Part 4: Technical Picture
Erasca's technical setup heading into earnings reflects significant recent weakness, with the Barchart Technical Opinion currently at 24% Buy—a sharp deterioration from 40% Buy one week ago and 100% Buy one month ago. This rapid decline in technical strength suggests momentum has turned decisively negative in the near term, with the stock breaking down from what was previously a strong bullish configuration.
Timeframe Analysis:
- Short-term (Hold): Neutral reading indicates near-term momentum has stalled after the recent selloff, with neither bulls nor bears in clear control
- Medium-term (50% Buy): Moderate buy signal suggests the intermediate-term trend remains constructive despite recent weakness, potentially offering support
- Long-term (50% Buy): Moderate buy signal reflects the stock's longer-term uptrend remains intact, though under pressure
Trend Characteristics: The current trend is characterized as Soft in strength and Weakest in direction, indicating a fragile technical environment with deteriorating momentum heading into the earnings release.
The stock is trading at $10.44, positioned above its 5-day moving average of $10.37 and 10-day moving average of $10.17, but critically below its 20-day ($15.19), 50-day ($15.33), and 100-day ($12.00) moving averages. This configuration—above very short-term averages but below all intermediate-term averages—suggests a recent bounce within a broader downtrend. The stock remains above its 200-day moving average of $7.09, providing some longer-term technical support.

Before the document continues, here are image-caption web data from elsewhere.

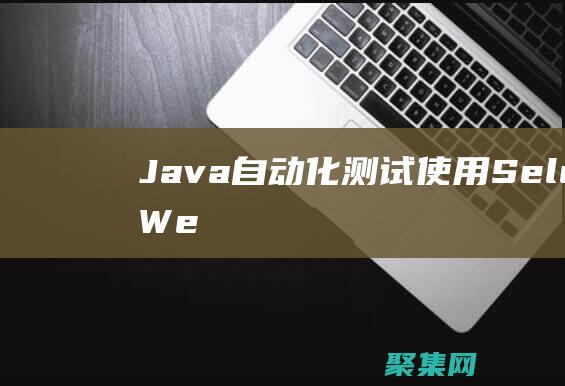 Java 自動化測試：使用 Selenium WebDriver 構(gòu)建可靠的測試 (java自動拆箱和自動裝箱)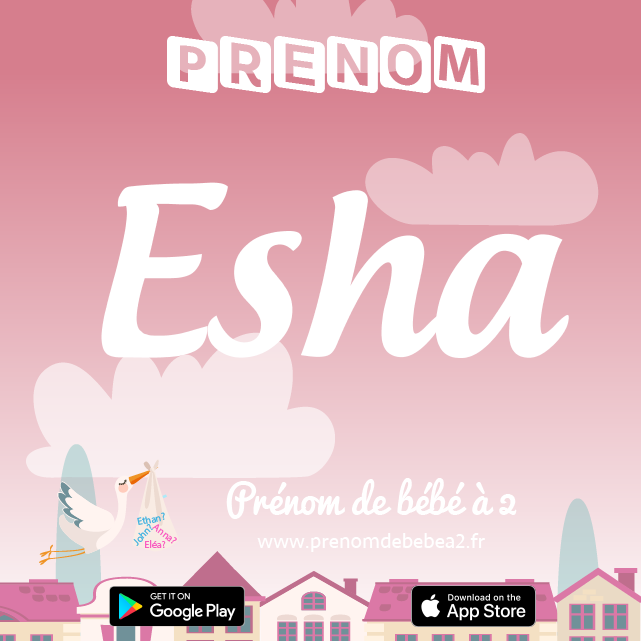 Prénom Esha : Signification, origine, popularité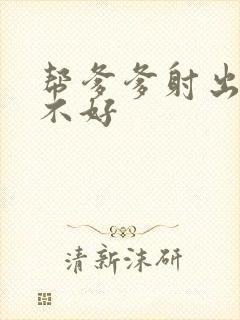 帮爹爹射出来好不好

| Period | Value | Period | Value |
|---|---|---|---|
| 5-Day MA | $10.37 | 50-Day MA | $15.33 |
| 10-Day MA | $10.17 | 100-Day MA | $12.00 |
| 20-Day MA | $15.19 | 200-Day MA | $7.09 |
The technical picture heading into earnings is cautionary. The sharp breakdown below the 20-day and 50-day moving averages, combined with the collapse in the Barchart Technical Opinion from 100% Buy to 24% Buy in just one month, indicates significant technical damage. The $12.00 level (100-day moving average) represents overhead resistance, while the $10.17 level (10-day moving average) provides immediate support. With the stock trading in a narrow range near $10.44 after a steep decline from above $15, the setup suggests limited cushion for disappointment. Any negative surprises on clinical timelines, cash burn, or guidance could trigger a test of the $9.00 level (the low analyst price target), while positive catalysts would need to reclaim the $12.00 area to signal a meaningful technical reversal. The elevated options implied move of 9.12% and historical Day +1 range of 12.78% suggest traders should prepare for significant volatility regardless of direction.